Dear Friends of "Dial Daily Bread,"
Since childhood we have all heard of the Good Shepherd who leaves His "ninety and nine" on that wild stormy night and seeks His one lost sheep "until He find it" (Luke 15:4-6). Its salvation depends entirely on the initiative of the Shepherd. The lost animal knows it's lost, but cannot "arise and go" on its own to find salvation. So, the Lord Jesus Christ "seeks" it. The lost sheep is you and I who are rescued by a love totally outside of us.
And we remember the lost coin, how the lady turns her house upside down until she finds that precious piece of silver. The coin is different from the sheep; it doesn't know it's lost. It represents you and me who were "dead in trespasses and sins, [who] walked according to the course of this world, ... fulfilling the lusts of the flesh and of the mind, ... children of wrath" (Eph. 2:1-3). But Someone found us, buried in the dust and trash of this dark world, unconscious of our condition.
But how does this common theme of God seeking and finding us work out in practical day-by-day living? Does the idea encourage us to be spiritually lazy, doing nothing?
The Prodigal Son story seems on the superficial surface to contradict God's love seeking us, rather than vice versa. The lost son seems to take the initiative in his own salvation. "I will arise and go," he says to himself, and gets up out of the pigsty and goes--on his own (Luke 15:18). Like cars, he has a self-starter. The Father does NOT come seeking him, to "find" him. Forever after the boy can congratulate himself: "Yes, I was lost; but I found my way back! I'm saved because I 'sought' and 'found' salvation. I exerted the effort. I forced myself to take step after step. I did it. I'm saved by grace, but I'm also saved by my own obedience."
But wait a moment, Mr. Prodigal Son, Mr. Laodicean, not so fast. This parable illustrates how the Holy Spirit seeks and saves us lost ones. It was He who gave the boy sitting with the pigs the conviction that his Father loved him. The Holy Spirit inspired him with the motivation, because as the Comforter whom Jesus promised to send us, He, not self, convicted the boy of "sin, and of righteousness, and of judgment, ... because the prince of this world is condemned" (John 16:7-11).
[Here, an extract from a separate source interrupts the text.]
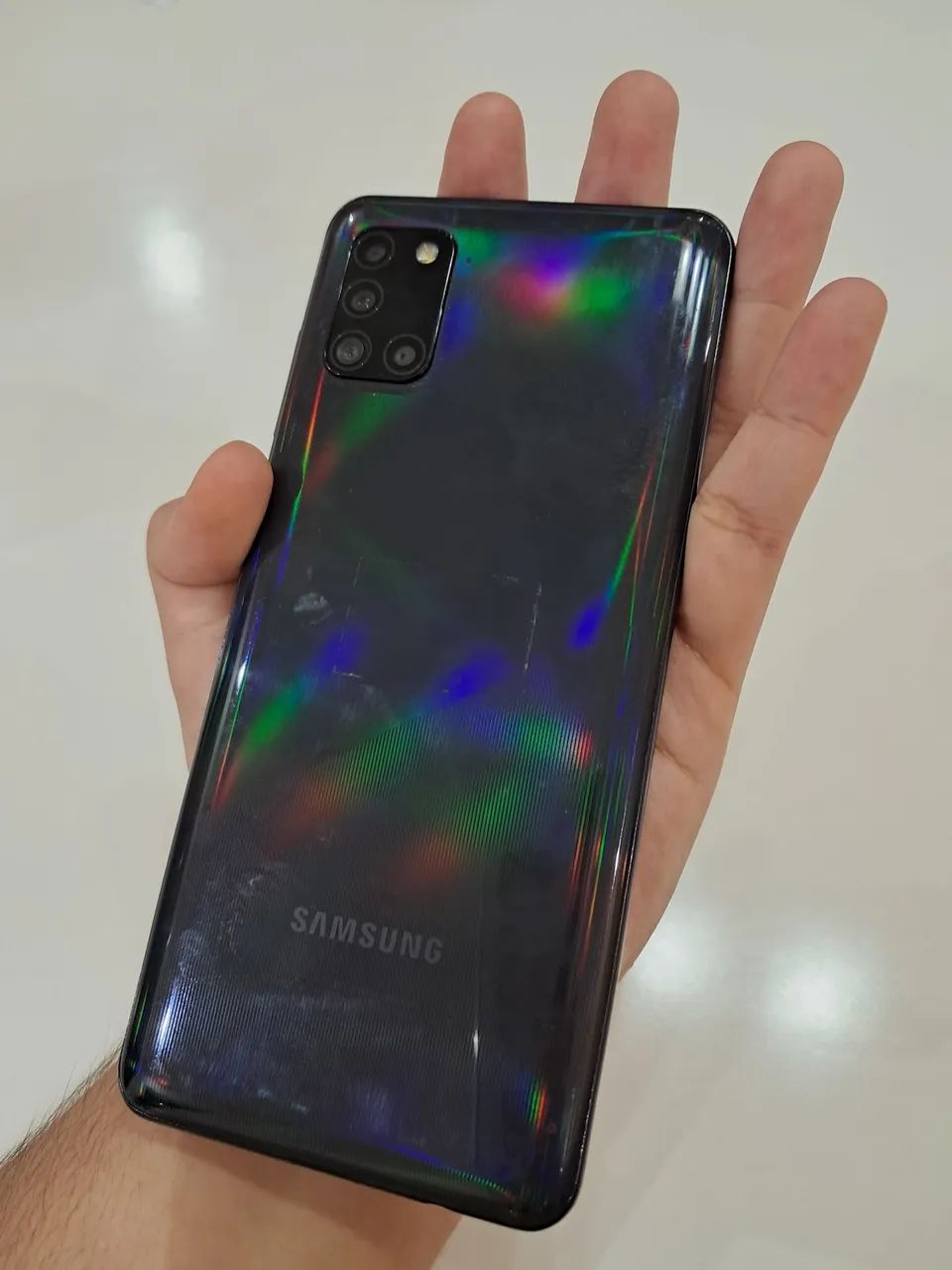 Samsung A31 usado - Foto 3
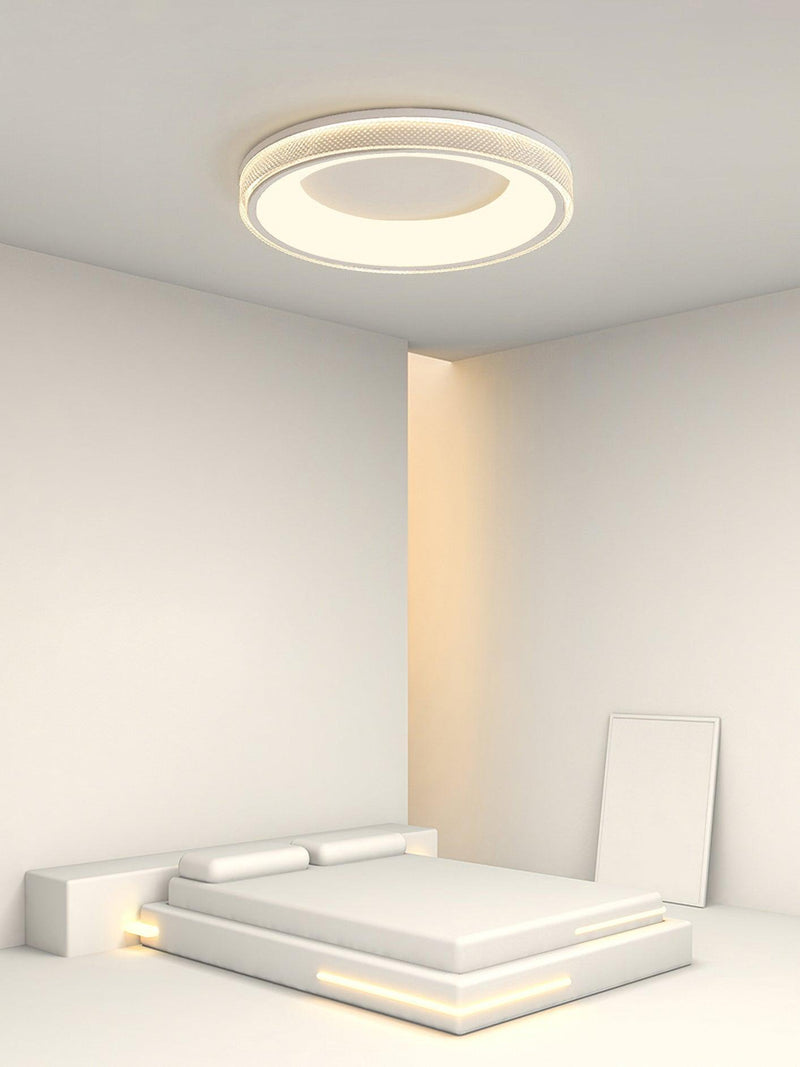 Round Shape Flush Ceiling Light-DWHOME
Yes, we're "home," but only because the Good Shepherd sought and found us, and His Holy Spirit did not abandon us. By grace we are saved through faith, and that not of ourselves; it is the gift of God. And it's specifically and emphatically "not of works, lest anyone should boast" (Eph. 2:8, 9).
So, Mr. Laodicean, be humble; you're not rich and increased with goods.
--Robert J. Wieland
From the "Dial Daily Bread" Archive: December 10, 2003.